Bizimki anlamadı tabi Kral’ın ne demek istediğini;
- “Kefere yardım etmek istememiş,” dedi. Hatta, “Batı bizi kıskanıyor” diye aklından geçirmiş bile olabilir. O sırada, Fransa’nın İstanbul Büyükelçisi olan amcasını ziyaret için İstanbul’a gelen Baron de Tott ile tanıştı. Baron kurmay subaydı. Fırsatı kaçırmak istemedi bizimki ve Osmanlı ordusunu inceleyerek kendisine bir rapor vermesini rica etti.
İnceledi Baron ve dedi ki:
- “Silahlarınız çok eski, subaylarınız bilgisiz. Okula ihtiyacınız var.”
Yutmadı tabi Sultan;
-“Medreselerimiz ve orada çok bilgili büyük alimlerimiz var” diye karşılık verdi.
Ve karar verdiler, beraberce medreselerimizdeki alimleri sınamaya. Sultan,
- “İstediğin adama istediğin soruyu sor” dedi.
Adam göklerden değil, yerden bir soru sordu.
- “Bir üçgenin iç açılarının toplamı kaç derecedir?”
Kimsede cevap yok. Sonunda Medrese Emini bir cevap vermek zorunda olduğunu hissederek,
-“Üçgenine göre değişir, Sultanım,” dedi.
Baron bunu Avrupa’da ilkokul öğrencilerinin bildiğini söyleyince, Sultan yeni okullar açılmasını kabul etti.
Bu arada, Çeşme Deniz Savaşı çıktı ve cahil subayların kumandasındaki Donanmada bir gemi dışında tümü 8000 km uzaktan gelen Rus gemileri tarafından yakıldı. Kurtulan gemi Cezayirli Gazi Hasan Paşa’nın gemisiydi.
Bu facia üzerine, öncelikle bahriyeli subayların eğitilmesi için okul açıldı: Mühendishane-i Bahri Hümayun; yıl 1773.
Bu tarih mühendis eğitiminin başlangıcı olduğu için İstanbul Teknik Üniversitesi’nin de kuruluş tarihi olarak kabul edilir.
Bugün ülkemizde Prusya Kralının bahsettiği üç müneccimle kastettiği olgu, ne yazık ki yok.
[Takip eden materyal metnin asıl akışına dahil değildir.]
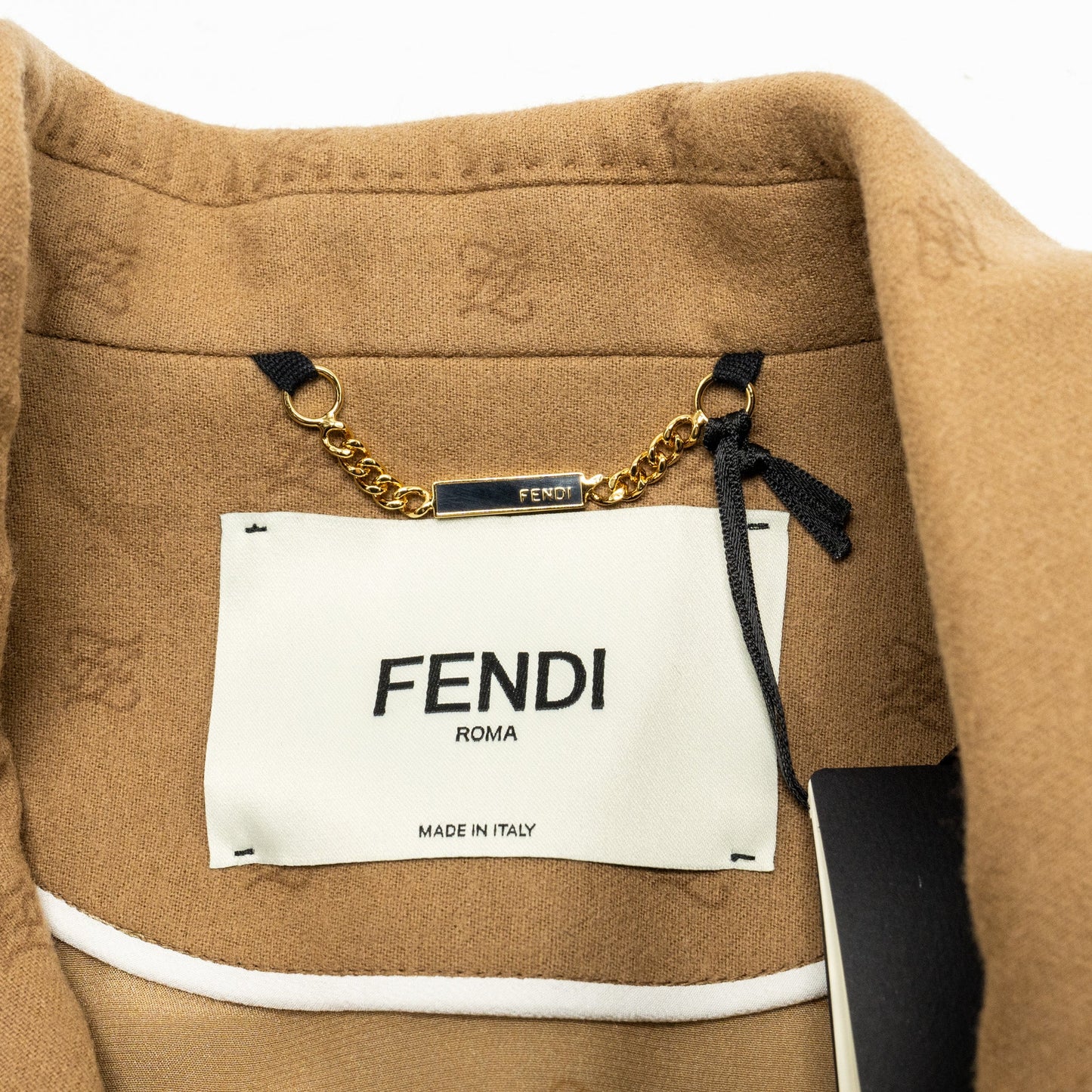 Fendi size 36 FF karligraphy motif double-breasted blazer laine wool brown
Hala depremin, bizim sınanmamız için gerçekleştiğini sananların çoğunlukta olduğu bir toplumda yaşıyoruz. Hele maden faciaları “Allah’ın takdiri” diye halk uyutuluyor. Kuyuyu kazan sensin, yerin altında tünel açan sensin, işi bilimsel yapmayıp, insan hayatını hiçe sayınca da “Ben yapmadım, ‘O’ yaptı” diyebilecek kadar da saygısız, duygusuz ve çıkarcısın.
Yıl 2025... 81 ilin Valisi İmam Hatip mezunu.
252 sene sonra müneccim devrine döndük hamdolsun.
Aklı olan öğrenmeyi seviyor,
Aptallar da öğretmeyi...
Anton Çehov
Bir Japon atasözü ile haftayı kapatalım;
Zafer pek bir şey öğretmez; yenilgi çok şey öğretir.